Pour rappel, le groupe nouvellement nationalisé anticipait en mai dernier une disponibilité de son parc de 5 à 10 gigawatts (GW) au-dessus de celle de 2022 pour le début de l’hiver prochain, soit une projection de 35 GW en octobre et de 50 GW en début janvier 2024.
Des prix plus bas sur les contrats longs
Sur la question du prix, selon lui, l’idée serait plutôt de regarder à horizon 2027. "Les prix de 2023 sont déjà assez largement contractualisés. Mais l’effet de l’économie de guerre ne va pas totalement disparaître en 2024. La fixation du prix résidera donc dans une vision de long terme des marchés de l’électricité", a estimé Luc Rémont ajoutant, "si je regarde aujourd’hui, les prix que nous serions capables de faire sur le marché en 2027 et 2028, c’est prix-là sont tout à fait normaux. C’est pourquoi EDF dans les prochaines semaines va commencer à émettre des contrats de long terme (des contrats de gros) ouverts à tout le monde pour être capable de viser 2027, 2028 et j’espère bien voir ces contrats à deux chiffres ", a-t-il avancé.
Un conseil de contractualisation à long terme repris également par le président-directeur de TotalEnergies, Patrick Pouyanné, lui aussi invité à s’exprimer à la REF 2023. "Si vous pouvez vous engager sur la voie du long terme vous avez une chance d’obtenir des prix moins cher", a-t-il défendu, rappelant toutefois que concernant le marché de l’énergie, le doute pouvait créer des tensions.
Le doute créé des tensions sur les prix
Le président de la compagnie a ainsi donné quelques exemples : "Le marché pétrolier est mondial, il suffit que l’Arabie saoudite dise au mois de juillet qu’elle allait couper un million de barils par jour pour que le baril prenne 10 dollars, et comme l’on investit moins depuis 10 ans, nous avons mis des pays en situation de contrôle du marché. Je ne vois donc pas le prix du pétrole baisser rapidement. Par ailleurs, s’agissant du marché du gaz, celui-ci est fragile. Là aussi, il a suffi d’une rumeur d’une grève dans deux usines en Australie dans le gaz naturel liquéfié (GNL) pour que le gaz européen monte de 30 % au mois d’août. Les entreprises vont devoir survivre jusqu’en 2026 car elles dépendent encore de ce marché mondial.
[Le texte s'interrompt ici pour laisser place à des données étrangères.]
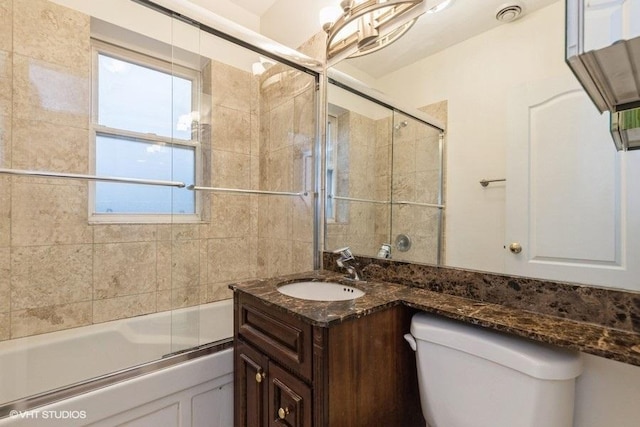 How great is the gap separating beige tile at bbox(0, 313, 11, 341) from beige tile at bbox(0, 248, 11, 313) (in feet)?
0.09

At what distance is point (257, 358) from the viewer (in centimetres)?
105

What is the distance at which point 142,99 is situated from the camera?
185cm

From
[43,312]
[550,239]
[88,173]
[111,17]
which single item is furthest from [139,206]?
[550,239]

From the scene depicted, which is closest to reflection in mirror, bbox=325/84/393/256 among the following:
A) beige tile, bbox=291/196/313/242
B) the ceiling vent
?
beige tile, bbox=291/196/313/242

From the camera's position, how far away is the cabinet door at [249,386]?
1031 mm

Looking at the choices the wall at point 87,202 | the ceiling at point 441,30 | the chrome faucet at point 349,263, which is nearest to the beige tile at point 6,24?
the wall at point 87,202

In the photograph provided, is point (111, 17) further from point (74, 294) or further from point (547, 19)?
point (547, 19)

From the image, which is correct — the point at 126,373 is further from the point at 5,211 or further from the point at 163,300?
the point at 5,211

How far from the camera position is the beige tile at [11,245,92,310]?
→ 149 cm

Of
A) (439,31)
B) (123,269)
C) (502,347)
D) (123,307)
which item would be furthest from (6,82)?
(502,347)

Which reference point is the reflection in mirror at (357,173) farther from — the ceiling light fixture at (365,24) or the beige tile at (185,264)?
the beige tile at (185,264)

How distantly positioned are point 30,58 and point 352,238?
1.87 m

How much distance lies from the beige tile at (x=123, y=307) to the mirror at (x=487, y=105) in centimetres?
169

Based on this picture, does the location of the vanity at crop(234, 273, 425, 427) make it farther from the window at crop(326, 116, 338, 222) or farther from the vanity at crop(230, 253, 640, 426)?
the window at crop(326, 116, 338, 222) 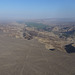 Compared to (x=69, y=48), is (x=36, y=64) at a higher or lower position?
lower

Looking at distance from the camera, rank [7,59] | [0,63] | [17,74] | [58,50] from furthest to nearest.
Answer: [58,50] → [7,59] → [0,63] → [17,74]

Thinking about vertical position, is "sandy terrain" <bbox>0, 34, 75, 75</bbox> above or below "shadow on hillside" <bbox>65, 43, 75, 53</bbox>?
below

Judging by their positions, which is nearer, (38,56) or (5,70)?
(5,70)

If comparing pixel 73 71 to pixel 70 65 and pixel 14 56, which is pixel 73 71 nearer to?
pixel 70 65

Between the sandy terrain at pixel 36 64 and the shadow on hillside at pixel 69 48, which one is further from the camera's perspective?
the shadow on hillside at pixel 69 48

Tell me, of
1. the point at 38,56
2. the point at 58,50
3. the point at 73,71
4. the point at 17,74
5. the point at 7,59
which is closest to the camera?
the point at 17,74

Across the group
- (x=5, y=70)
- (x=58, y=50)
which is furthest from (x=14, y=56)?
(x=58, y=50)

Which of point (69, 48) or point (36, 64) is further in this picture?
point (69, 48)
Passé cette date, de nombreux projets GNL devraient voir le jour et les prix baisseront", a-t-il estimé.
Une réforme nationale du marché de l’électricité si besoin
De son côté, la ministre de la Transition énergétique, Agnès Pannier-Runacher, a tenu à rappeler que le plan de sobriété (par lequel les Français et les entreprises avaient été invités à consommer moins l’hiver dernier) n’était pas qu’un effet prix. " La consommation de gaz et d’électricité a baissé de 12 % en France entre le 1er août 2022 et le 31 juillet 2023, ce qui est énorme et va nous sécuriser pour l’hiver prochain ", a-t-elle précisé, ajoutant que "la réforme du marché européen de l’électricité, dont les discussions sont en cours, a pour vocation de donner des signaux de long terme ".
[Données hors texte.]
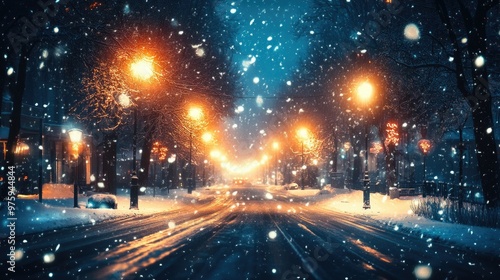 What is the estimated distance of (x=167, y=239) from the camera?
14.3m

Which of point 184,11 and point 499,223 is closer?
point 499,223

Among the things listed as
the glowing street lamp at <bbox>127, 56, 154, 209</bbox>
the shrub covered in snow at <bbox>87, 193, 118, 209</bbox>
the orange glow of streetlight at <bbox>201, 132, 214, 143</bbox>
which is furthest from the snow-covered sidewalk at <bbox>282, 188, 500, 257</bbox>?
the orange glow of streetlight at <bbox>201, 132, 214, 143</bbox>


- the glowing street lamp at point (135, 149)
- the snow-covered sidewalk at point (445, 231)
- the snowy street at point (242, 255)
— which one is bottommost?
the snow-covered sidewalk at point (445, 231)

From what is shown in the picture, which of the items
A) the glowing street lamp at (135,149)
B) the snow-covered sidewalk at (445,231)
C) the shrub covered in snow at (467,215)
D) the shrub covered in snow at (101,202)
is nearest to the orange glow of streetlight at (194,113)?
the glowing street lamp at (135,149)

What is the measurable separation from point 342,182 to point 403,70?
29.0 metres

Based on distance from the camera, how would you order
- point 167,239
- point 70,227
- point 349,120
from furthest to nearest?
point 349,120 → point 70,227 → point 167,239

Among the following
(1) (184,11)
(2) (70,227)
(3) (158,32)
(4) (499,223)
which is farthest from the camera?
(1) (184,11)

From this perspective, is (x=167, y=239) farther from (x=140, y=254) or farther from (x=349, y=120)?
(x=349, y=120)

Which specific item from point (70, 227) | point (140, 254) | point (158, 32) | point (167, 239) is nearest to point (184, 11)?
point (158, 32)

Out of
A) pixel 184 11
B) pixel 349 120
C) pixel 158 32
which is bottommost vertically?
pixel 349 120

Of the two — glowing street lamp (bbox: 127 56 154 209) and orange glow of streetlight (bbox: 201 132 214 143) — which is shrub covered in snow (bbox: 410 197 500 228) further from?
orange glow of streetlight (bbox: 201 132 214 143)

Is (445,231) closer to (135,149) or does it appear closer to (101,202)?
(101,202)

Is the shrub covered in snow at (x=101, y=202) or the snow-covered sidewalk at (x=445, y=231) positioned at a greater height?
the shrub covered in snow at (x=101, y=202)

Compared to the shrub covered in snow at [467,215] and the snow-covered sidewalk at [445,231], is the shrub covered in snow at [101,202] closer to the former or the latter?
the snow-covered sidewalk at [445,231]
A ce sujet, la ministre s’est en outre montrée très claire, soucieuse de montrer le rôle de l’Etat auprès des entreprises : " si ce que nous voulons faire en Europe n’aboutit pas, nous le ferons au niveau national, nous protégerons nos entreprises contre la volatilité des prix parce que l’incapacité à prévoir dans quel contexte les entreprises font des investissements est le premier danger", a-t-elle annoncé.